Appellants argue that the district court's description of an adequate law library is deficient. In its order, the district court stated that the facilities could establish a law library "containing the materials set out in Cepulonis v. Fair, 563 F. Supp. 659, 660 (D. Mass. 1983), aff'd in relevant part, 732 F.2d 1 (1st Cir. 1984)." The order required that the materials in the library be kept updated, that the library be available for use at least forty hours a week, and that inmates be provided with requested materials unavailable in the library. The order made no mention of requiring the facilities to train inmates or other personnel to provide assistance to other inmates in using the library. Appellants argue that, if a facility establishes a law library as a means of fulfilling the obligation of providing meaningful access, it must also provide some personnel who will assist the inmates in using the library materials. See e.g., Smith v. Bounds, 610 F. Supp. 597, 604 (E.D.N.C. 1985); Hooks v. Wainwright, 536 F. Supp. 1330, 1346 (M.D. Fla. 1982); Cruz v. Hauck, 627 F.2d 710, 720-21 (5th Cir. 1980).

We note first that appellants failed to raise this objection to the district court, following entry of the final judgment below.

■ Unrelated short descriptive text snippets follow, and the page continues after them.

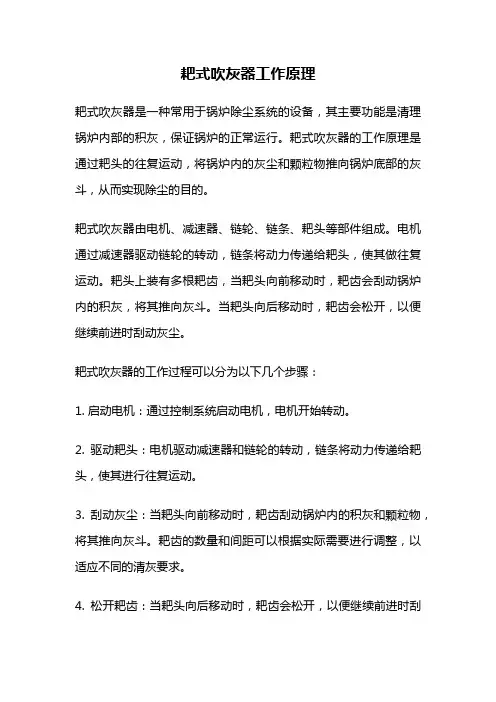 耙式吹灰器工作原理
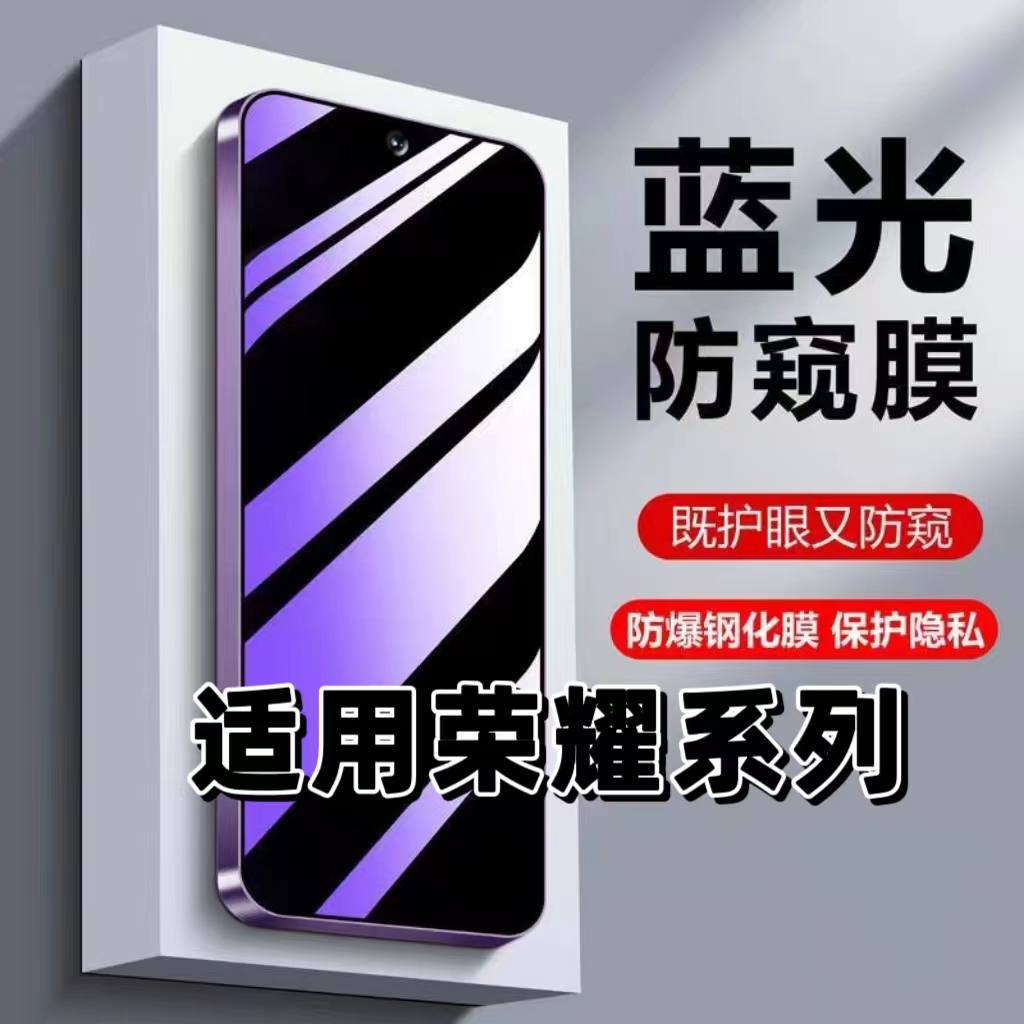 如伊适用荣耀系列蓝光防窥钢化膜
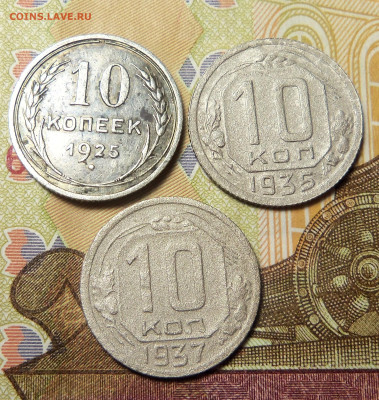 10 коп. 1925,35,37 г.До 20.11.2024 г. - 101_5918.JPG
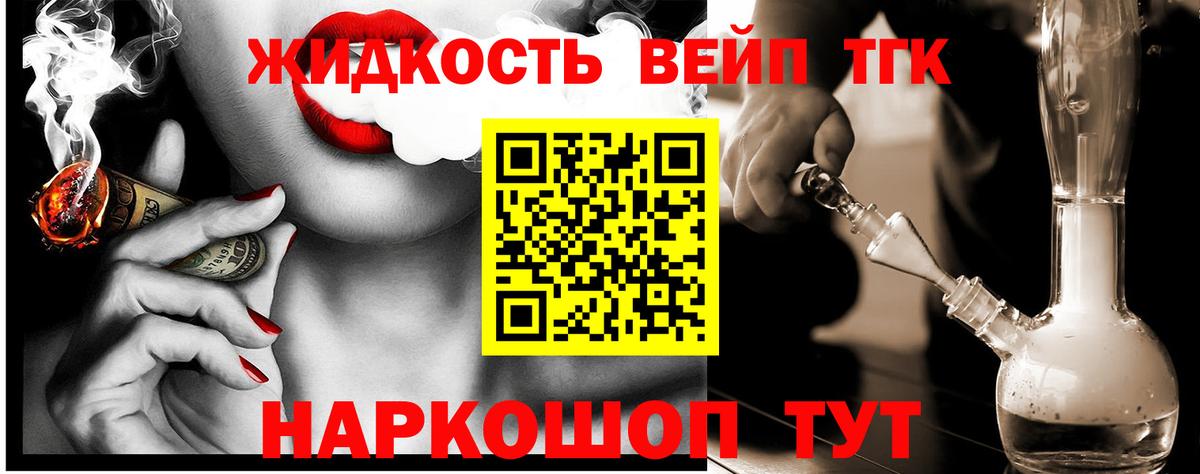 Дистиллят ТГК жижа Каменка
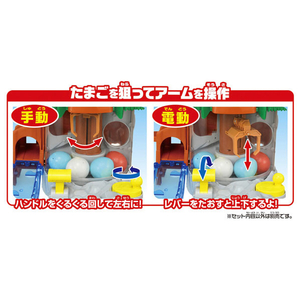 タカラトミー アニア たまごをキャッチ!恐竜クレーン ｱﾆｱﾀﾏｺﾞｷﾔﾂﾁｷﾖｳﾘﾕｳｸﾚ-ﾝ-イメージ3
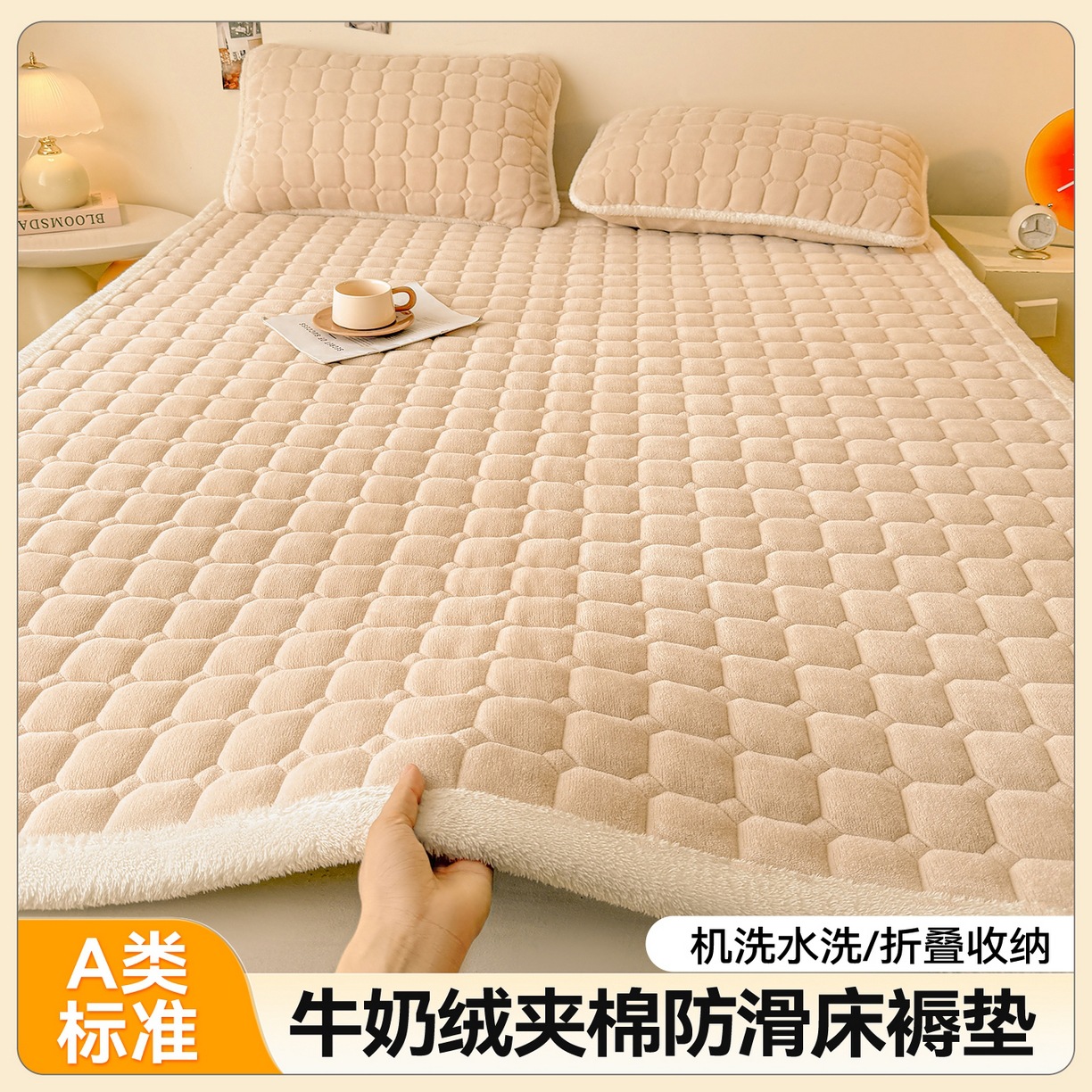 밀크벨벳 매트리스-카멜리아 살구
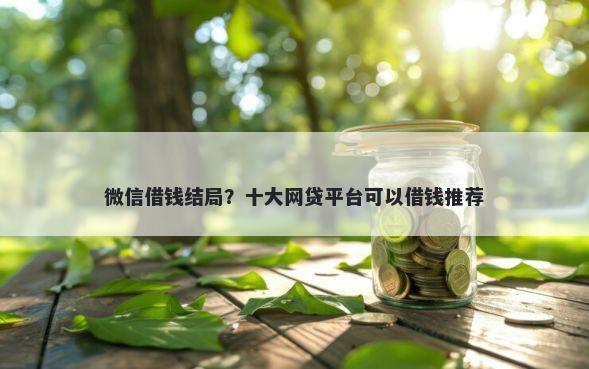 微信借钱结局？十大网贷平台可以借钱推荐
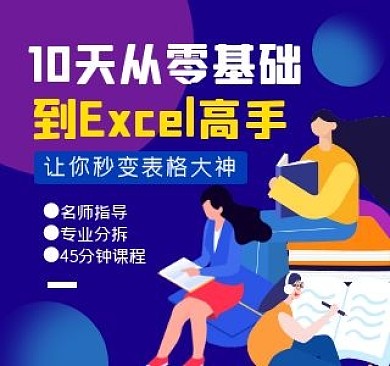 Excel简约bilibili视频封面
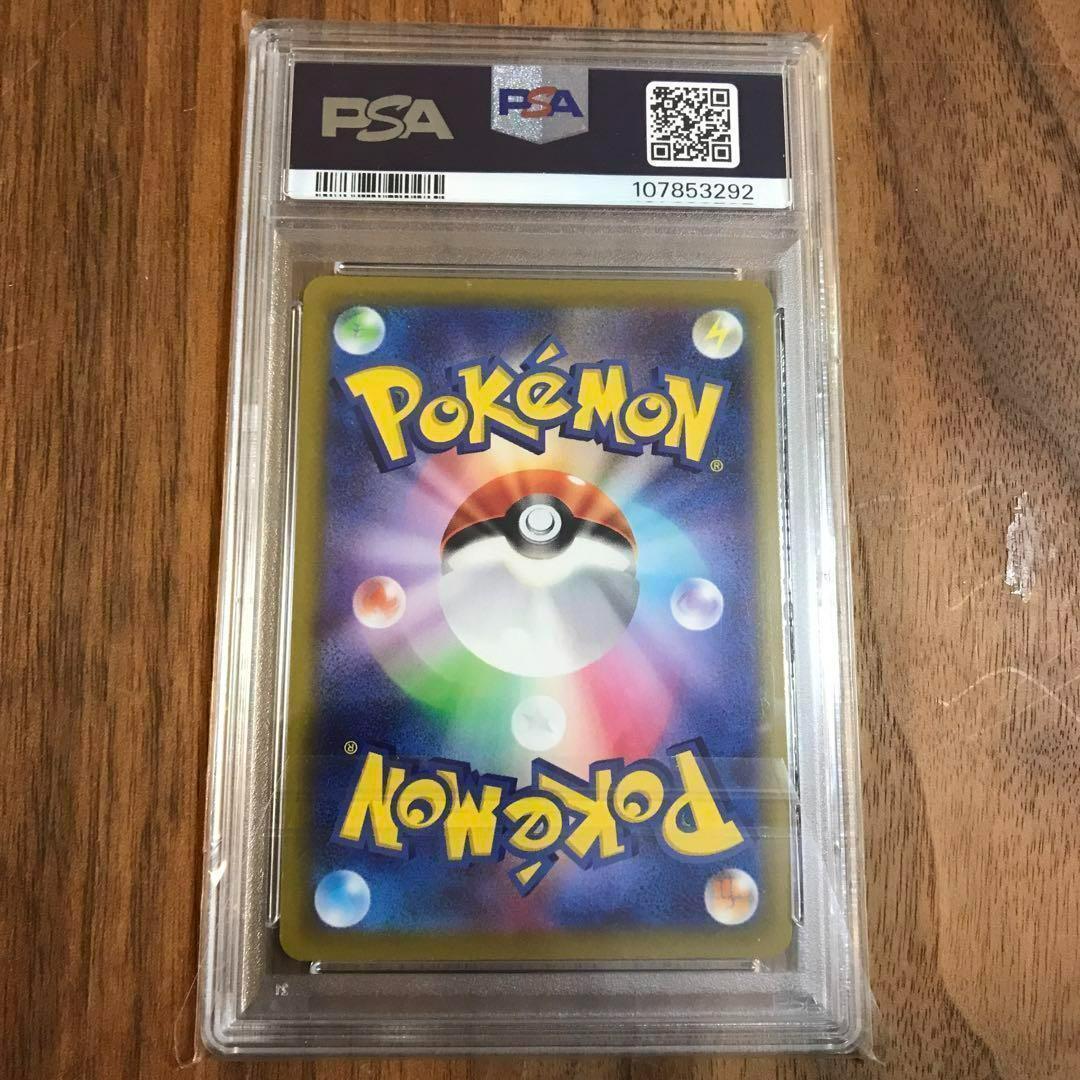 PSA10 カビゴン CHR S10a ダークファンタズマ 077/071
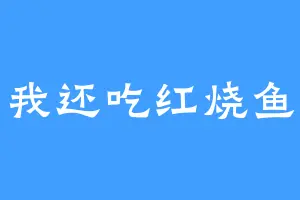 我还吃红烧鱼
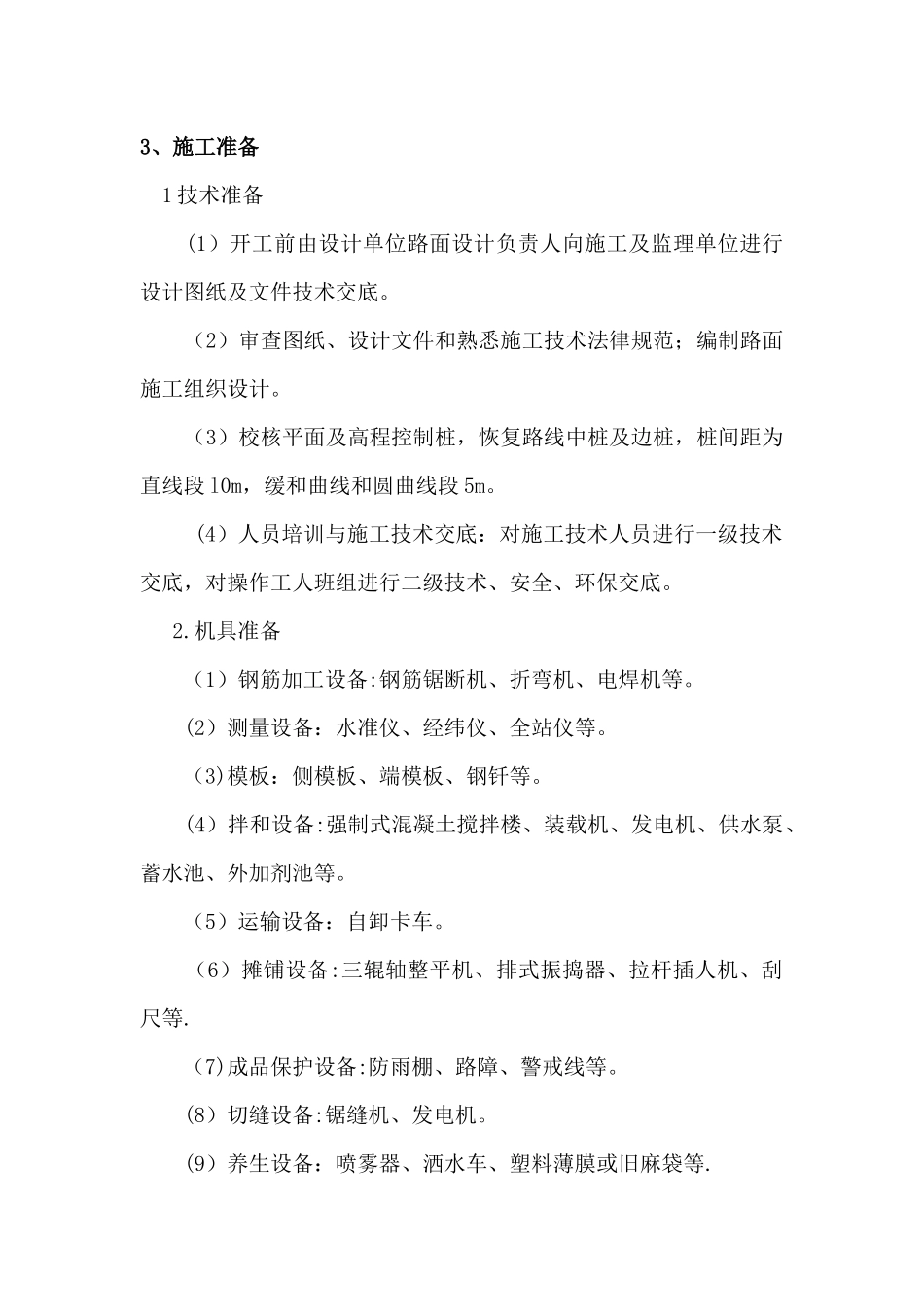 三辊轴机组铺筑水泥混凝土路面施工工艺标准_第2页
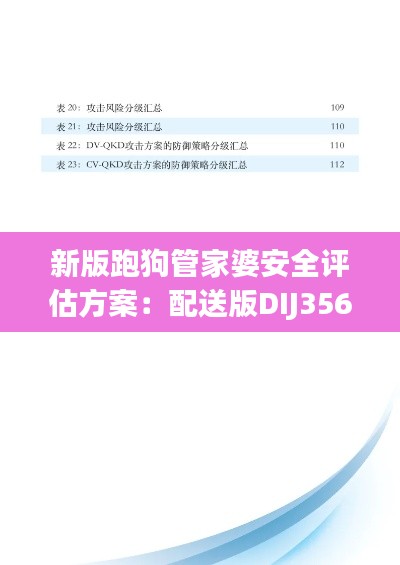 垂头丧气 第40页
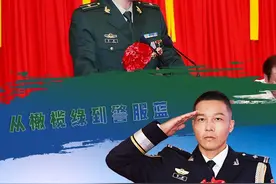 【从橄榄绿到警服蓝】戎装换警服永不褪色！一起聆听军转警的海南省全国公安英模谈初心……图片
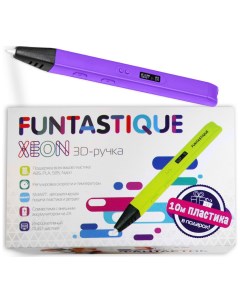 3D ручка XEON Фиолетовый RP800A VL Funtastique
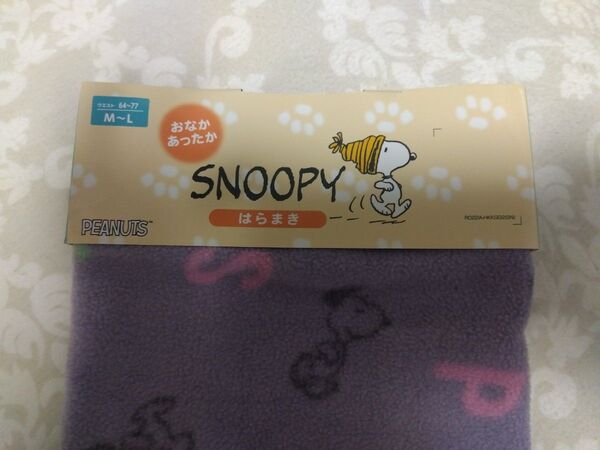 新品未使用 スヌーピー SNOOPY おなかあったか はらまき 腹巻き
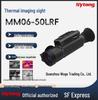 SYTONG Новый MM06-50LRF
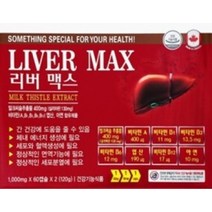 밀크씨슬 400mg 함유영양제 리버맥스캡슐, 1개, 60캡슐X2 (120캡슐), 120정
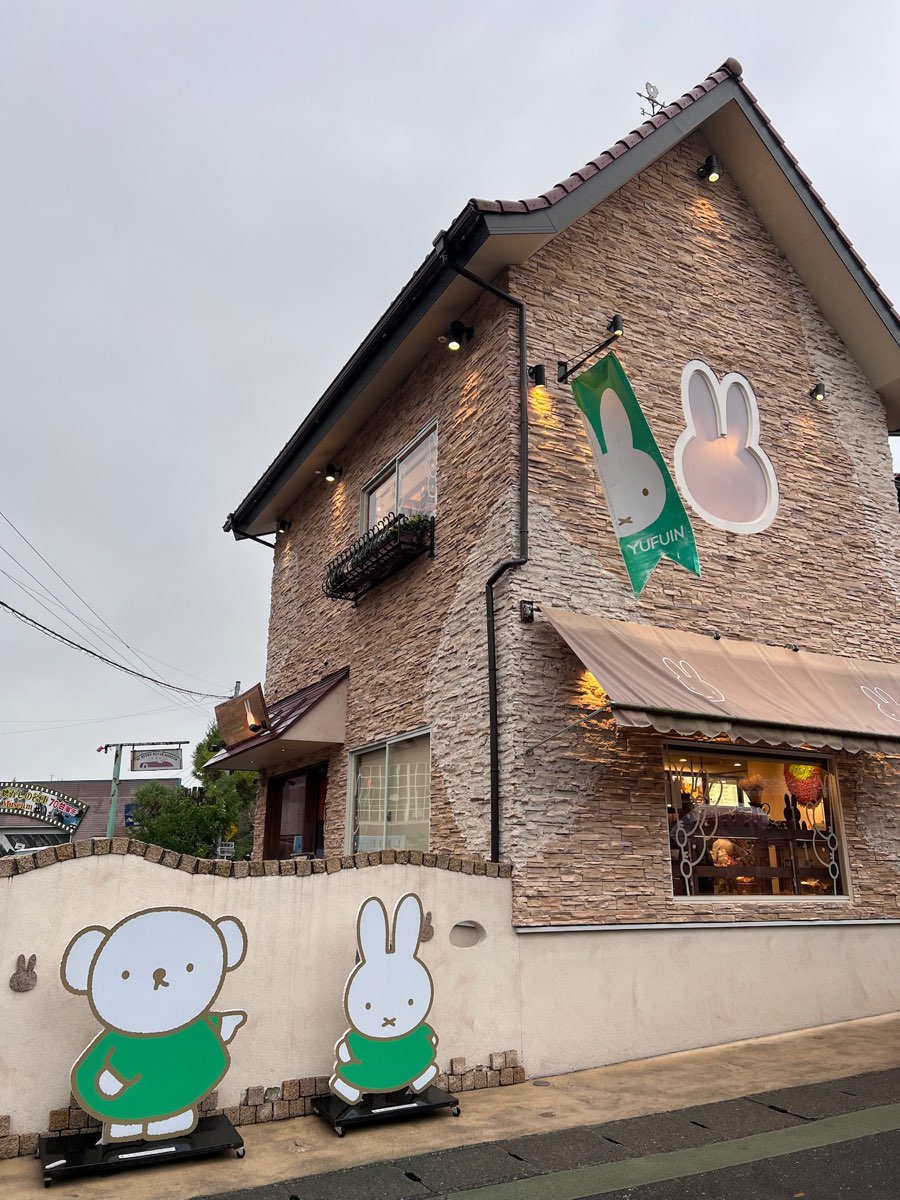 Miffy森之廚房 | 去趣 chicTrip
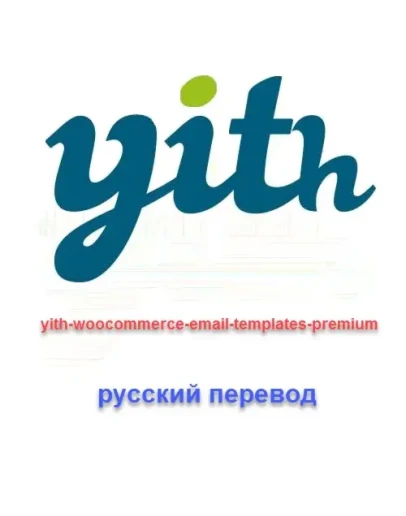 WP yith woocommerce email templates перевод на русский
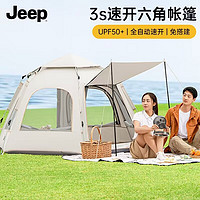 Jeep 吉普 全自动帐篷户外天幕露营折叠免搭速开便携野营装备全套 六角帐篷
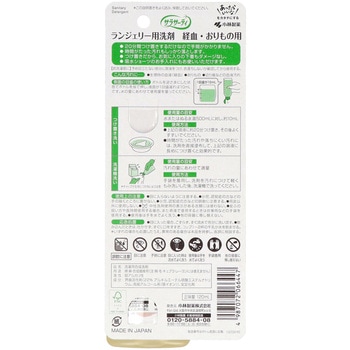 サラサーティランジェリー用洗剤 小林製薬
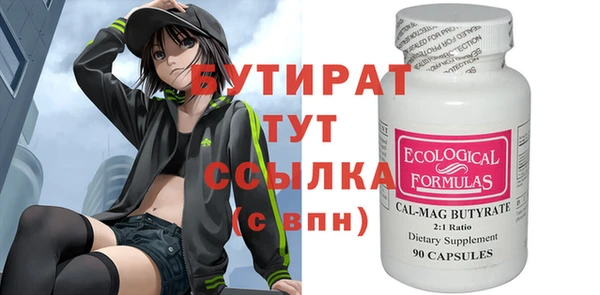кокаин перу Балабаново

The judge, therefore, never had an opportunity to deal with appellants ' concerns and the record is barren of any discussion on this point. Moreover, we point out that the issue of library personnel may never materialize in the context of these particular facilities. In their submissions, three of the five facilities proposed to institute lawyer assistance programs similar to the one at Norfolk, rather than to establish law libraries. The two remaining facilities appear to have proposed the establishment of a library, but have indicated as well that they will investigate the possibility of establishing a lawyer assistance program. Thus, we think that neither this case, nor this record, now presents us with an appropriate opportunity to rule definitively on whether a facility must also provide trained personnel to provide assistance in using a prison law library.




1. This description of the program is taken almost verbatim from the stipulation of facts.